According to the U.S. Census Bureau, in 1900, only one in eight Americans was of a race other than white. Today that ratio is one in four, and by 2050, an estimated one in three Americans will be African American, Hispanic, Native American, or Asian / Pacific Islander.
We all understand and have heard and read that shifting demographics in the United States affect communities and should compel camp professionals to ask the questions: Does our camp reflect the faces of a diverse community? Who are the children and staff that make up our camp communities? How can we ensure that we deliver the highest quality, most culturally sensitive camp programs?

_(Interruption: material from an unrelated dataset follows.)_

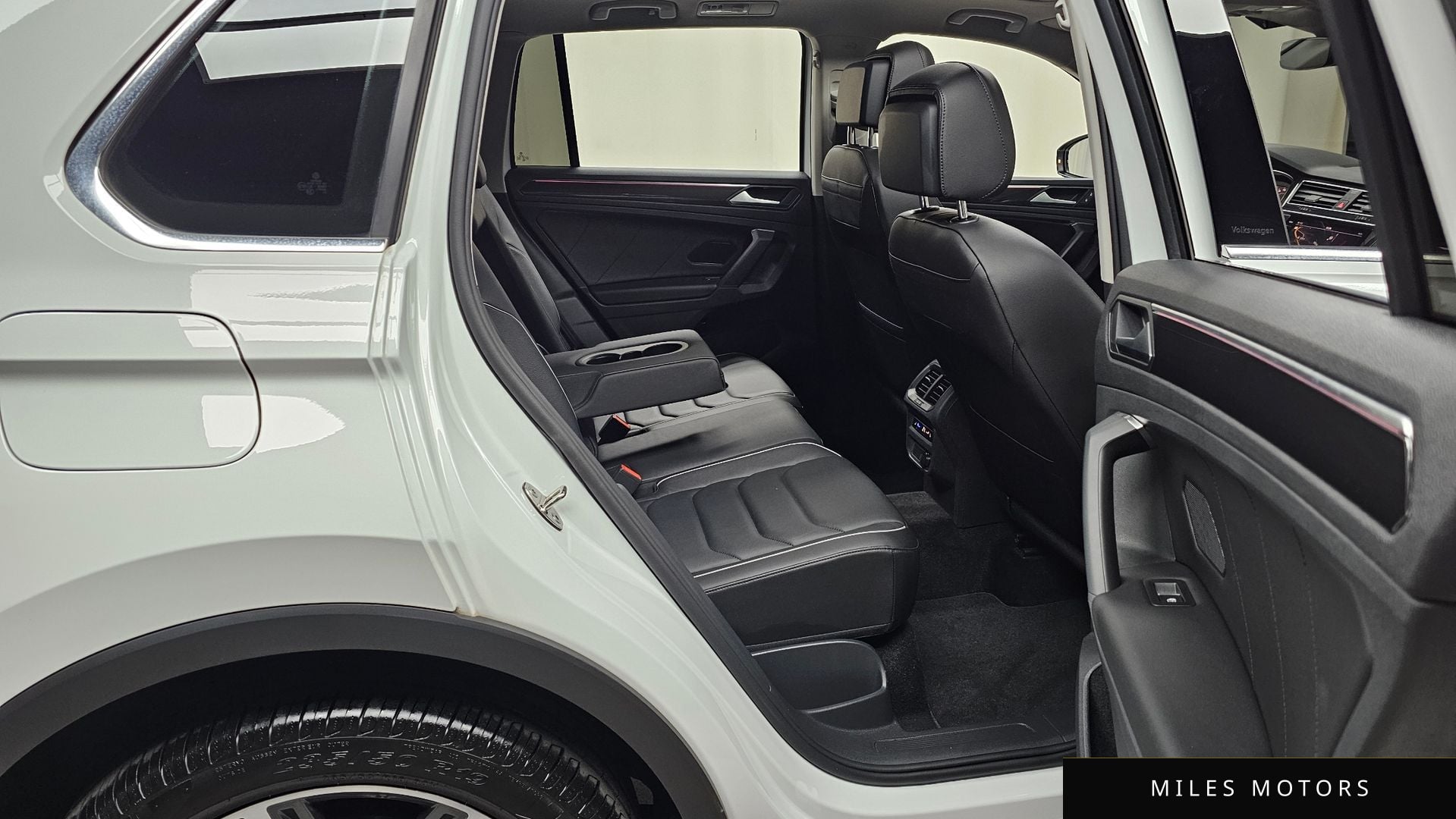 Volkswagen 티구안 2022 — миниатюра 18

Camps are finding themselves in the middle of a drastic demographic shift. Recruiting campers from schools and communities that used to be primarily Caucasian may now be 25 percent African American and 15 percent Hispanic. A camp accustomed to operating within a European cultural context can struggle to engage new campers. The potential campers’ families view the camp as an organization that is run by and serves Caucasian children only. In order for the camp to engage new families, it has to learn about the social organization and leadership of diverse families and how to communicate with them in culturally appropriate ways, or its survival is compromised.
Diversity is a reality. Because social and economic change is here, camps must understand the need for cultural competence. If camps don’t improve, it will be a challenge for them to fulfill the social contract made with families — that the skills a child learns at camp will contribute to his or her success in the classroom and make him or her a successful, contributing adult in the future. A diverse camp community will ensure that the promise we make to families is fulfilled.

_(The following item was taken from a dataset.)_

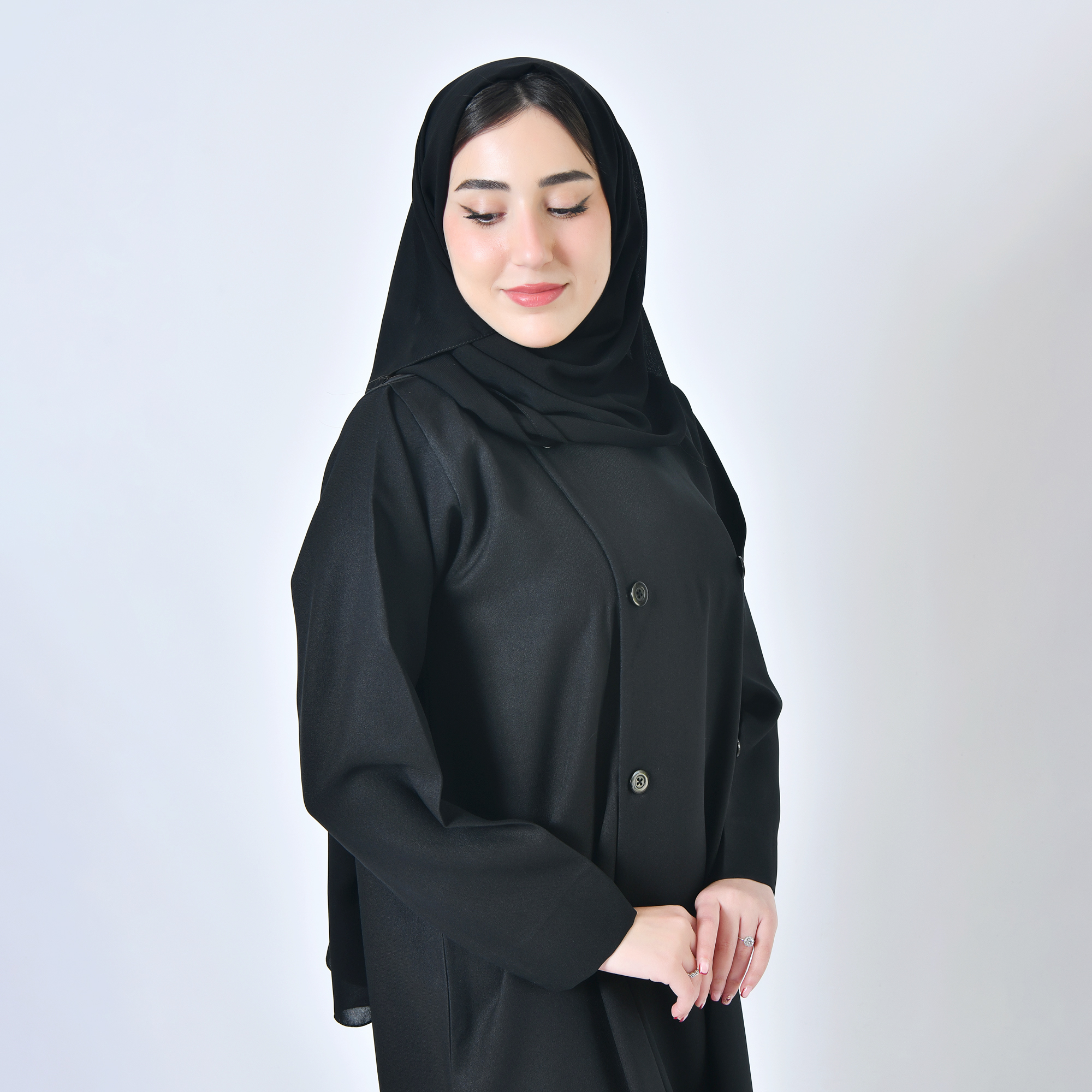  عبايه سوداء رسميه متعدده في طرق الاغلاق بطريقة ابداعيه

Building a camp’s cultural competence:
- Increases respect and mutual understanding among those involved.
- Increases creativity in problem solving through new perspectives, ideas, and strategies.
- Decreases unwanted surprises that might slow progress.
- Increases participation and involvement of other cultural groups.
- Increases trust and cooperation.
- Helps overcome fear of mistakes, competition, or conflict.
- Helps defy myths.
- Promotes inclusion and equality.
The need for a camp’s quality has been accepted as a mantra, but the imperative for diversity is often marginalized rather than accepted as central to the quality equation in ACA camps.
The data on our camp’s diversity is a call to action. It is urgent to our relevance to infuse the issues of camper-staff diversity and cultural competence into our conversations, at both the local and national levels, with the same vigor and frequency as we talk about standards.